Przed budynkiem ambasady ks. Isakowicz-Zaleski zapelował też, aby Unia Europejska nie przyjmowała do swoich struktur Turcji, dopóki ta nie rozliczy się ze swoja przeszłością.
Uczestnicy marszu nieśli fotografie ofiar oraz transparenty nawołujące Turcję do uznania mordu za zbrodnię ludobójstwa. Po drodze do marszu dołączali też mieszkańcy stolicy, niektórzy całymi rodzinami.
Po marszu odprawiona została Msza św. w obrządku ormiańskim w intencji ofiar ludobójstwa.

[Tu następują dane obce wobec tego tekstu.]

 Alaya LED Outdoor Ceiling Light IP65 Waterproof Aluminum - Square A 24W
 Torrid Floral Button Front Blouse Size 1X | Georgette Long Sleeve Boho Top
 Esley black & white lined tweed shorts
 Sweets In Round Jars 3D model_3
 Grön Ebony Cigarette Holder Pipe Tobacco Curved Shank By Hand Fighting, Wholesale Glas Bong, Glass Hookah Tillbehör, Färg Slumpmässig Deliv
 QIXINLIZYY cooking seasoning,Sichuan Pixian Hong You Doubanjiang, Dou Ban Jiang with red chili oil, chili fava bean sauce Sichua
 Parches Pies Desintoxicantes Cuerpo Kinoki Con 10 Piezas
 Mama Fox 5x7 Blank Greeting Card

Rozkaz rozpoczęcia masowych wysiedleń i mordów na ormianach zapadł 24 kwietnia 1915 roku. Tego dnia w Stambule aresztowano ponad 2300 przedstawicieli ormiańskiej inteligecji, których następnie zamordowano. Kobiety i starców zmuszano do kilkusetkilometrowych marszów na pustynie, gdzie ginęli z pragnienia i głodu. Ówczesny minister spraw wewnętrznych Taalat-Pasza napisał, że każdy kto sprzeciwi się decyzji władz, nie może być urzędnikiem państwowym. Szacuje się, że w wyniku czystek zginęło ok. półtora miliona osób.